Ok……c’mon…….this is supposed to happen next Friday when the Vicodin or Dilaudid is masking the effects of Dr. Andy’s handiwork on a youngster’s squawking shoulder.
3:00 am and there’s no way to get back to sleep…..thoughts flitting across the brain like cars through a toll booth.
The youngster decides to put on a little Zac Brown and see what happens.
My dad left us in 1989 after complications from feisty back surgery. The weekend following his death, a cowboy awoke early (not this early) and walked a half mile to attend seven o’clock Mass. Nearing a small creek in Foxridge, a very clear voice stopped me in my tracks…..three simple words……”USE YOUR GIFTS.”
For the longest time growing up, gifts were those physical attributes that happened on ball fields and courts in Kansas City and Colorado.
These days, those gifts have faded from the radar screen as two thirds of this life has ticked away. Are there other gifts that need to be cultivated in the final third?
We are all asked to ponder this question at some point…..when what we thought defined us recedes like a wave on the ocean.
I wrote the poem below forty-five years after a stormy period in Kansas City.
At first, it seemed like a slap in the face of a father whose emotions got the best of him many times.
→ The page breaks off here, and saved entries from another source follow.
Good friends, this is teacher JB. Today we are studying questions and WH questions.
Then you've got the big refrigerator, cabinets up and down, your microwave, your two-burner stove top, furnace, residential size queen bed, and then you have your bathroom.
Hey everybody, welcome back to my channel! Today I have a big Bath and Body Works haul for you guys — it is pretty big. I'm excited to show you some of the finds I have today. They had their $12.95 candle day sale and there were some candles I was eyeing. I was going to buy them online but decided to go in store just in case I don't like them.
At the two thirds point of my life, it occurs to me that these words were meant to be penned…..not so much as an indictment but as a recognition that we are so much stronger than we think…..that we can bounce back from everything…..that our intrinsic worth……our humor…..our zest for life…..and our compassion for others……. cannot be throttled by a few scathing words or a surgeon’s scalpel.
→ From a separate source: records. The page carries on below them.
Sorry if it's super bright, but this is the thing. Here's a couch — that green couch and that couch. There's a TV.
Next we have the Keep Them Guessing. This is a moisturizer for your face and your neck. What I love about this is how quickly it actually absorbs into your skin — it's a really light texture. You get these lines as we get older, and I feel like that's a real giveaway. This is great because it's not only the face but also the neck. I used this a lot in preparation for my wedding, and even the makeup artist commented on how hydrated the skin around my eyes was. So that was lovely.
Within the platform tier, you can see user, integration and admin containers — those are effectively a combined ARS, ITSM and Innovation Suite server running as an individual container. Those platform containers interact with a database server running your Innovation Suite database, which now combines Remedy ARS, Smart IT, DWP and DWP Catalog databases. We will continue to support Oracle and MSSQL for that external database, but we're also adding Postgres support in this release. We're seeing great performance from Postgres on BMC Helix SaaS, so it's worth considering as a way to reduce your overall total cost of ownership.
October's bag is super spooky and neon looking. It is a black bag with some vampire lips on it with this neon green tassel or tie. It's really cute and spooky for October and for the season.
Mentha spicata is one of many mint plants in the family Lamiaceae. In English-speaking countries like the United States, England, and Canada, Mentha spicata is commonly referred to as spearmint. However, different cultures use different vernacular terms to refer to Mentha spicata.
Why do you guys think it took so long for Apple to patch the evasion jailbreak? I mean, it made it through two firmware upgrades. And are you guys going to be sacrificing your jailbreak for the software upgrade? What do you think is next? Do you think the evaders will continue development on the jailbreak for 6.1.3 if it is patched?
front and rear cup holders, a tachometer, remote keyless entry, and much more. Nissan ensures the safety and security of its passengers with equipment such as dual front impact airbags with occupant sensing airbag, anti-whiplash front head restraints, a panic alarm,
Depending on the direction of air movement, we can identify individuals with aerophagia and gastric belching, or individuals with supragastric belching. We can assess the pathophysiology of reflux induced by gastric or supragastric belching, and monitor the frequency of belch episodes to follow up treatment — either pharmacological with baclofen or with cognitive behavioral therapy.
We may seem broken at times…..like the world has knocked us to the mat like a left cross to the chin. It’s at those times that Friedrich Nietzsche would whisper to us……..”that which does not kill us makes us stronger.”
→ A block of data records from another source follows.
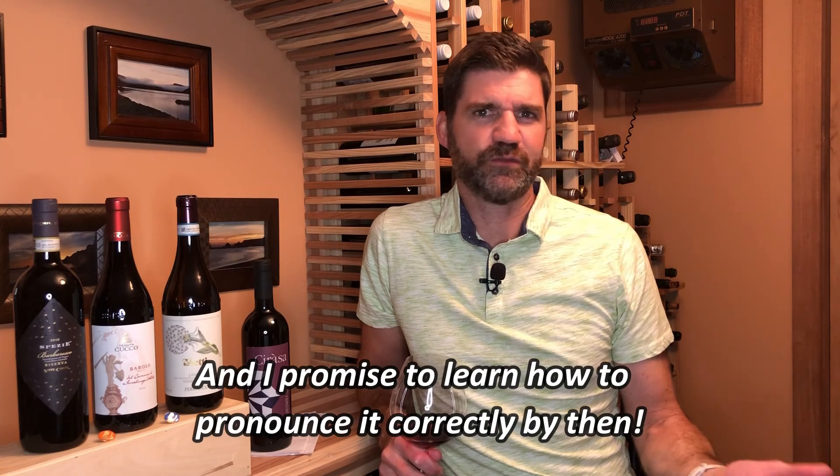Thank you for watching another episode of Wine This Week. I hope you enjoyed it. If so, please like and subscribe. Join me next week as we move on to another Italian wine called Nero d'Avola — a wine I've never had before, and I'm excited to give it a try. So please join me next week. Until then, keep trying new wines, and as always, cheers.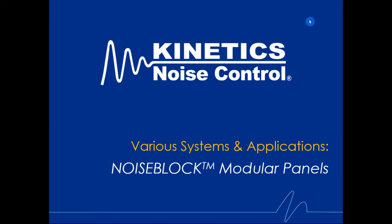Thank you everybody for joining me today. My name is John Sofra, I'm the Director of Sales for the ICE team — ICE stands for Industrial market, Environmental outdoor market, and Commercial market. What we want to talk to you about today is our Noise Block modular acoustic panels.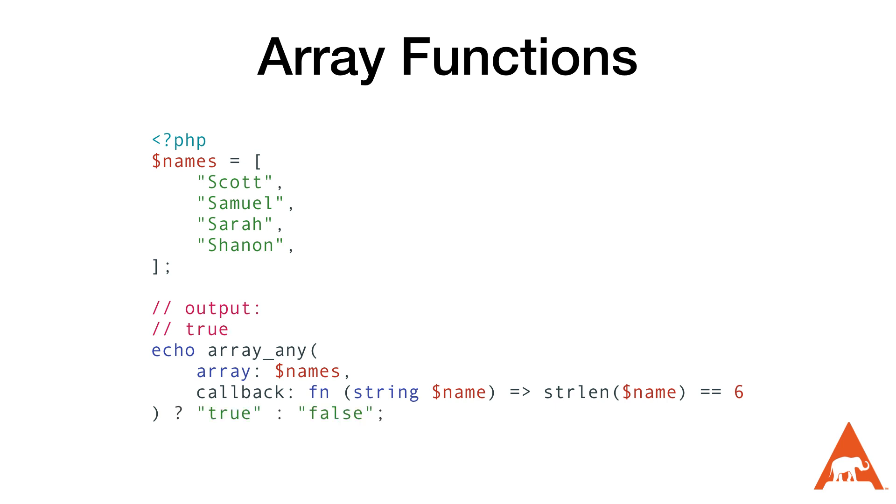The array_any function returns true if any element satisfies the custom callback, and false if no match is found. On screen, I'm checking if any element has a length of six — it returns true. If I change it to check for a length of 60, it returns false since there are none. Finally, the array_all function returns true only if all elements satisfy the callback; if any element causes the callback to return false, the whole function returns false. This will be very helpful for validation — for example, ensuring all names are six or fewer characters.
So friends…..please be certain that surgery #10 will be a gift in the respect that it will provide time to reflect upon blessings too numerous to count…..that ZEST will be in all caps when I return.
Maybe battered a bit but never broken again.
The Broken Child
Your voice was like thunder
that rocked my room and my world.
It shook my soul and crushed my spirit.
Where it came from doesn’t matter.
You were wrong…
the first time
and the last.
There are no excuses
and I am not to blame.
I will not accept that it was
just your way of letting off steam.
Dad, you were a volcano
erupting near my heart.
It wasn’t smoke and ash
that I feared,
it was the suffocating thought
that tortured my brain…
the thought that there was nothing,
nothing in the world
that I could do,
to make you love the broken child
that was too scared to speak
and too hurt to cry.
** if the power of this poem encourages you or others to choose their words wisely then I say Hallelujah!